LSD and ketamine in schizoaffective paranoid psychosis involving childhood and war trauma—a retrospective case study

Abstract

Currently, documentation on the effects of psychedelics on psychosis appears scarce. In the present case, a higher-dose LSD experience during acute paranoid psychosis before the initiation of antipsychotics induced feelings of love, which resolved the majority of the symptoms of the paranoid psychosis in one session, leading the person to reconnect with his family and seek treatment in a psychiatric hospital. The session did not resolve schizoaffective disorder, however. More than a decade later, while using the antipsychotic aripiprazole, concurrent self-administration of ketamine induced psychedelic effects that appeared to allow for practicing 'grounding' of psychotic thoughts. Immediately afterwards, daily self-administration of psycholytic doses of LSD for four weeks caused a mood-enhancing effect that enabled the patient to successfully discontinue aripiprazole without the return of psychotic symptoms.
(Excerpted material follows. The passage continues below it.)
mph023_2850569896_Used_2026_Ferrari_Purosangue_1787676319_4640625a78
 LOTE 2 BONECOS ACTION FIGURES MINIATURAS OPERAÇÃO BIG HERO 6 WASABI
No psychotic or other noticeable symptoms could be observed during two interviews conducted in the two months following the discontinuation of the antipsychotic. The mechanisms of action remain unexplored, and their possible generalizability to other cases remains unclear, but the observations may serve as a basis for further research. It may, for example, be that chronic use of LSD induces a tolerance to its psychedelic effects but not to its anti-inflammatory or other possibly unknown effects, which may be related to the observed mood-enhancing effect. A preclinical study from 1971 appeared consistent with the claimed effect. In the present case, paranoia, i.e., the hypersensitivity to potential threats, was partly due to childhood trauma, partly intentionally induced by military training, and partly accentuated by war experiences. It could not be 'turned off'. Fear related to the uncertainty of survival formed the core of psychosis; without the fear, psychosis would likely not have existed. Paranoid psychosis presented itself as a biased estimation of probabilities of possible adverse outcomes, as a mismatch between the past and the present.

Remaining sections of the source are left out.